Sentence length: Short sentences (typically <12 average words per sentence).

Subordination: Very low use of subordinate clauses (typically <25% of sentences have subordinate clauses).
The text shows a mix of simple and more complex sentences, introducing some variety in structure without being overly demanding. If the text is not slightly complex, then consider if it is moderately complex based on the following ranges:

Sentence type: Balanced mix of sentence types (typically between 40 to 60% simple sentences).

Sentence length: Medium-length sentences (typically between 12 and 16 average words per sentence).

Subordination: Moderate use of subordinate clauses (typically 25 to 45% of sentences have subordinate clauses).
The text features more elaborate sentences with multiple clauses and ideas, requiring more effort from the reader to parse. Consider if a text is very complex based on the following rates:

Sentence type: Most sentences are complex (<40% of sentences are simple sentences).

Sentence length: Longer sentences (typically between 16 to 19 average words per sentence).

Subordination: High use of subordinate clauses (typically >45% of sentences have subordinate clauses).
The text is dense with very long, intricate sentences and a high degree of subordination, making it exceptionally challenging for this grade level. The text is likely exceedingly complex if it meets at least two of the following criteria, including at least one from the structural density group:

Structural density:

Subordination: >50% of sentences have subordinate clauses.

Multiple subordination: >12% of sentences have more than one subordinate clause.

Syntactic complexity: >15% of students are compound-complex.

Length:

Sentence length: Very long sentence length (typically >19 average words per sentence).

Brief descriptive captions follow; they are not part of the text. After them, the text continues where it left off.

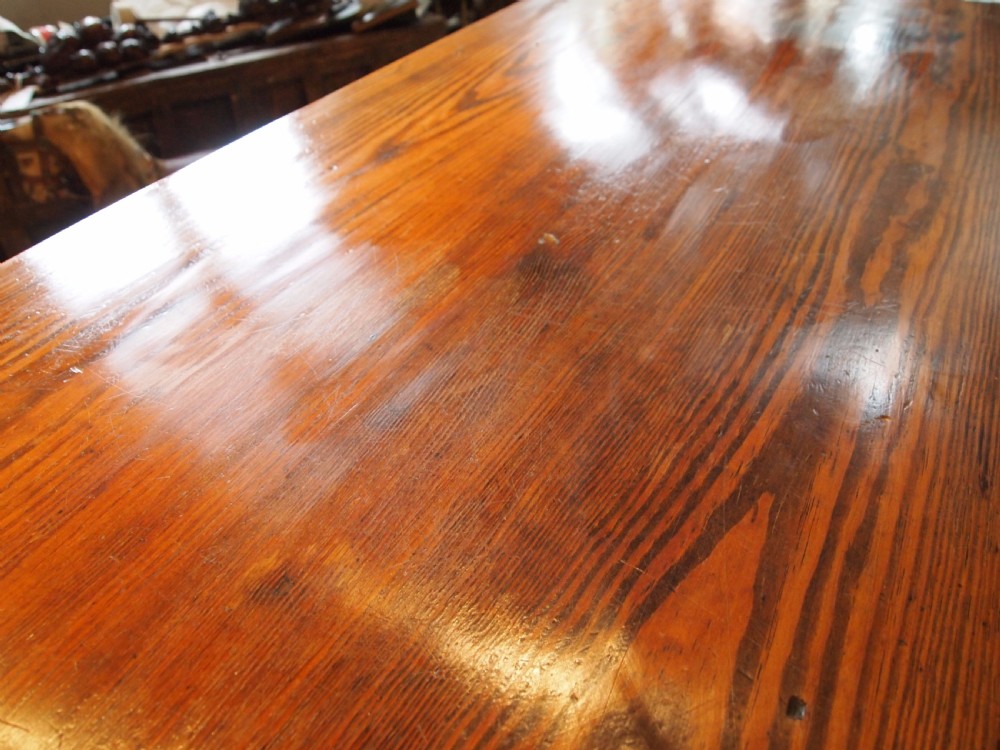 Table Arts and Crafts refectory dining Pitch Pine c1900 View IX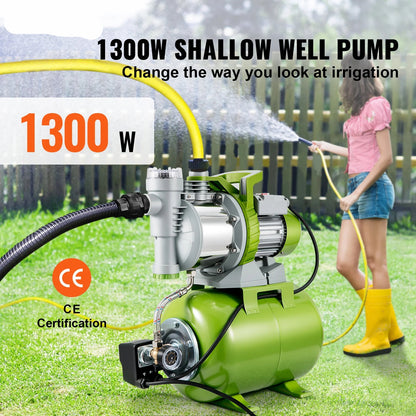 Vevor - Ondiepe Bronpomp - met druktank - Draagbare Jetpomp - 1300W - 4200 L/u Debiet - 50 m Opvoerhoogte voor Irrigatie - Watertransfer - Groen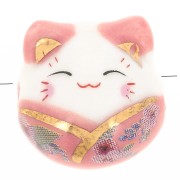 Perla di gatto fortunato - portafortuna - ceramica 14 mm Rose x1|raw }}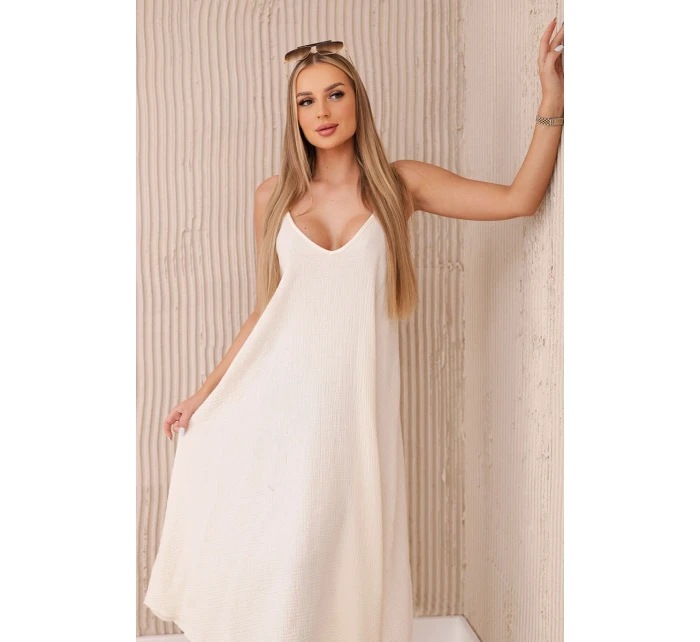 Mušelínové šaty na ramínka světle béžová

High concentration of very long sentences: >15% of sentences have >=30 words.
Grade 4The text consists of simple, straightforward language and sentence structures. The text is likely slightly complex if it meets at least two of the following criteria:

Sentence type: Primarily simple sentences (typically > 55% simple sentences).

Sentence length: Short to medium sentences (typically <13 average words per sentence).

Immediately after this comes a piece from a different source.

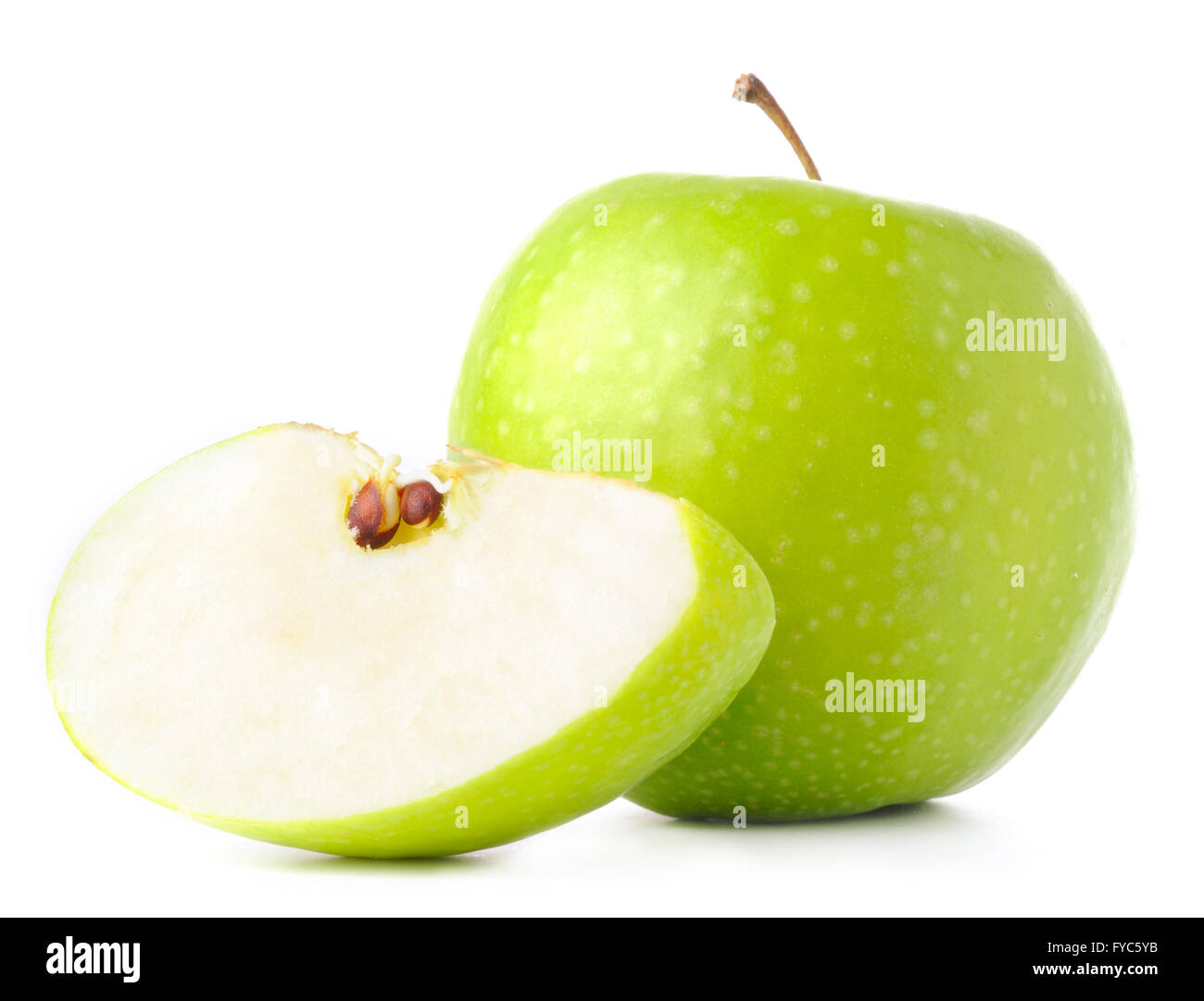 green apple and it's slice isolated on white Stock Photo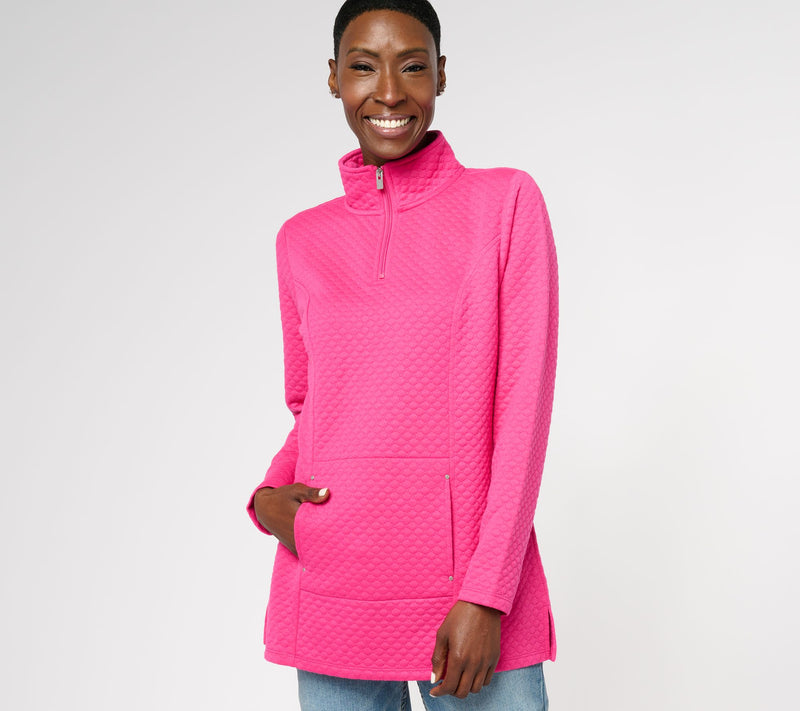 Sport Savvy Knit Jacquard Long Sleeve Quarter Zip Tunic — View 5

Subordination: Very low use of subordinate clauses (typically <30% of sentences have subordinate clauses).
The text shows a mix of simple and more complex sentences, introducing some variety in structure without being overly demanding. If the text is not slightly complex, then consider if it is moderately complex based on the following ranges:

Sentence type: Balanced mix of sentence types (typically between 40 to 55% simple sentences).

Sentence length: Medium length sentences (typically between 13 to 17 average words per sentence).

Subordination: Moderate use of subordinate clauses (typically 30 to 50% of sentences have subordinate clauses).
The text features more elaborate sentences with multiple clauses and ideas, requiring more effort from the reader to parse. Consider if a text is very complex based on the following rates:

Sentence type: Most sentences are complex (<40% of sentences are simple sentences).

Sentence length: Longer sentences (typically between 17 to 22 average words per sentence).

Subordination: High use of subordinate clauses (typically >50% of sentences have subordinate clauses).

Multiple subordination: >8% of sentences have more than one subordinate clause.
The text is dense with very long, intricate sentences and a high degree of subordination, making it exceptionally challenging for this grade level. The text is likely exceedingly complex if it meets at least two of the following criteria, including at least one from the structural density group:

Structural density:

Subordination: >60% of sentences have subordinate clauses

Multiple subordination: >15% of sentences have more than one subordinate clause

Syntactic complexity: >20% of students are compound-complex

Length:

Sentence length: Very long sentence length (typically >22 average words per sentence)

High concentration of very long sentences: >15% of sentences have >=30 words

Evaluator creation

Finally, we developed the Sentence Structure Evaluator. We tested different permutations of prompts, models, and temperature settings, looking for patterns in errors, and tuning our approach. In total, we ran over 150 experiments across 4 models, more than 20 prompts, and a range of temperature settings to define this evaluator.